Zündfunke, 15.12.14

Diakon Bertram Bolz, Deutschsprachige Kath. Gemeinde in Puerto de la Cruz
Ein Wort, das in den vergangenen Wochen und Monaten häufig zitiert wurde, heißt Vertrauen, liebe Schwestern und Brüder. Überall war von Vertrauen die Rede. Es wird vermisst, es wird herbei gesehnt. Viele haben das Vertrauen verloren: in meine Kirche und mögliche Reformen, in die Börse, in eine Reihe führender Persönlichkeiten unserer Wirtschaft und Politik. Zugleich wird es immer wieder geradezu beschworen: von der Bundeskanzlerin, von den Verantwortlichen in unserer Gesellschaft.

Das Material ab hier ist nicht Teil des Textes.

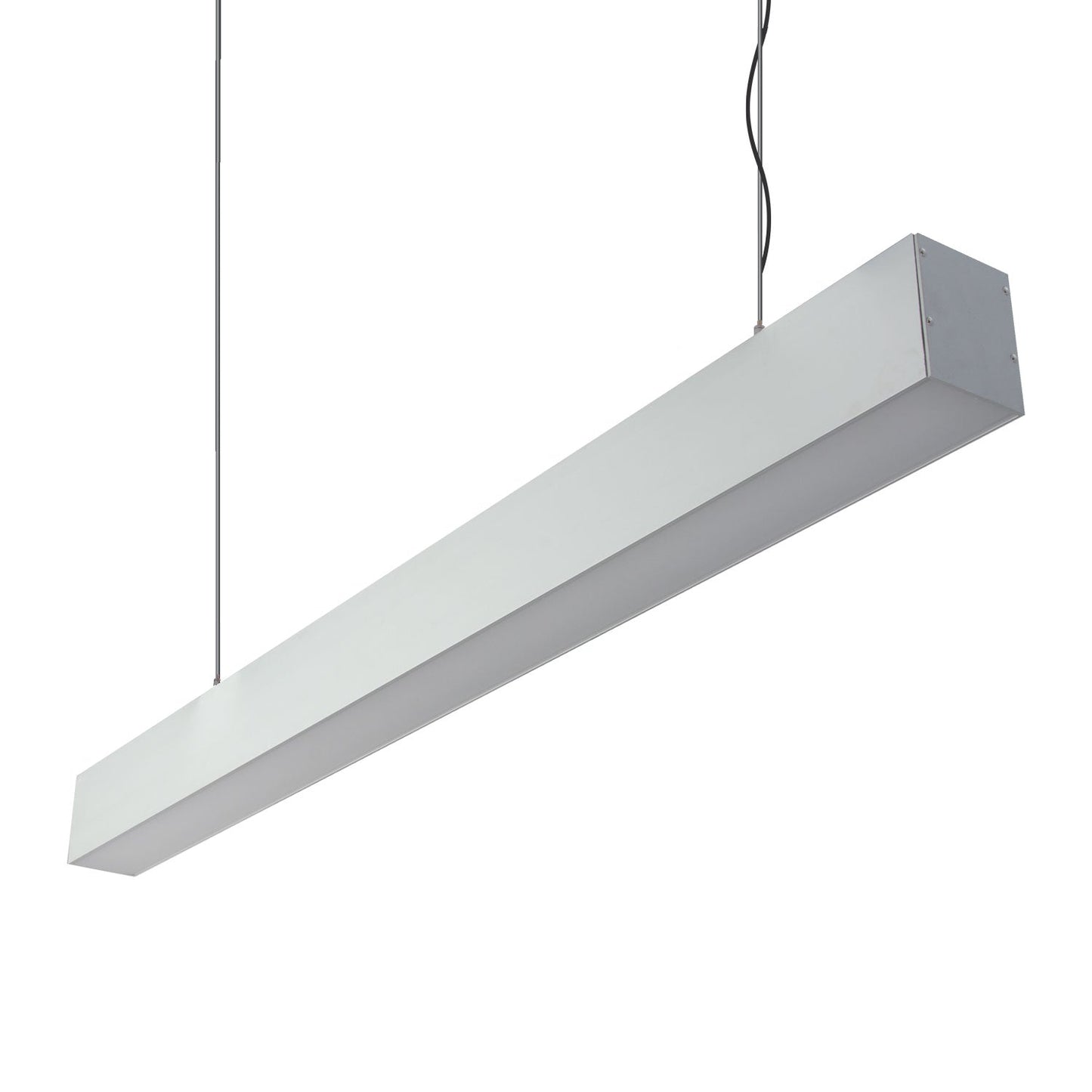 Max-75mm Two Way Pendant 1m C/W Opal Aluminium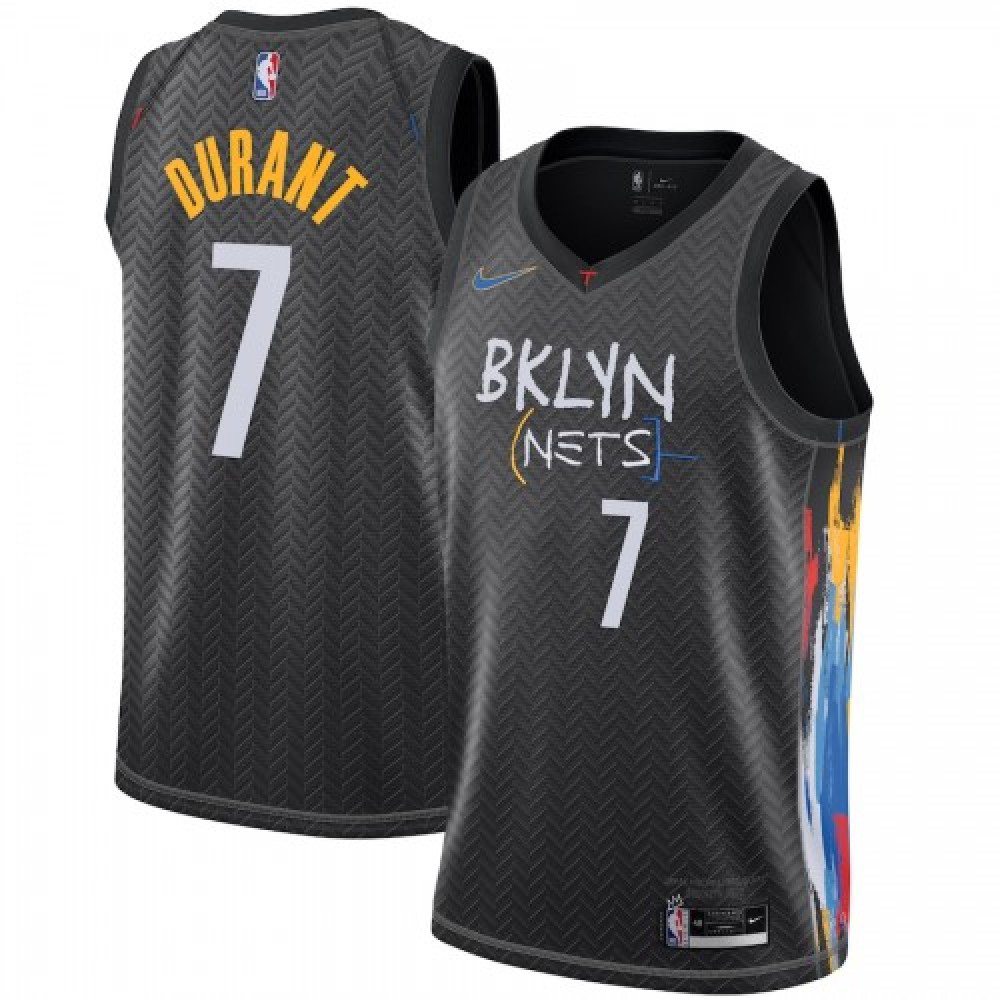 Men's Brooklyn Nets Kevin Durant #7 Black 2020/21 Swingman Player Jersey – City Edition-Pro Kit Vault | Brand New 26/27 Sports Jerseys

Denn ohne Vertrauen kann man nicht leben. Ich brauche das, dass andere mir vertrauen und dass ich anderen Menschen vertrauen kann. Ich brauche einen Vertrauensanker, der mich hält. Ohne Vertrauen gibt es keinen Frieden, keine Hoffnung und keine Orientierung. Wo Misstrauen herrscht, da werden die Beziehungen zueinander und die Gemeinschaft miteinander vergiftet. Oder hat Lenin Recht gehabt mit dem Satz: „Vertrauen ist gut, Kontrolle ist besser“? Nein, dieser Spruch ist gefährlich, auch wenn er derzeit oft richtig zu sein scheint. Denn ein verträgliches Miteinander, ein hoffnungsvolles und friedevolles Zusammenleben kann es immer nur geben, wenn Vertrauen wächst. Kontrolle ist gut, Vertrauen ist besser. Das scheint mir ein besserer Grundsatz zu sein für das Miteinander von Menschen. Denn Vertrauen ist das Band, das Gemeinschaft möglich macht. Vertrauen ist die Voraussetzung, dass wir besser miteinander umgehen und dass ein gemeinsames Leben aufgebaut werden kann.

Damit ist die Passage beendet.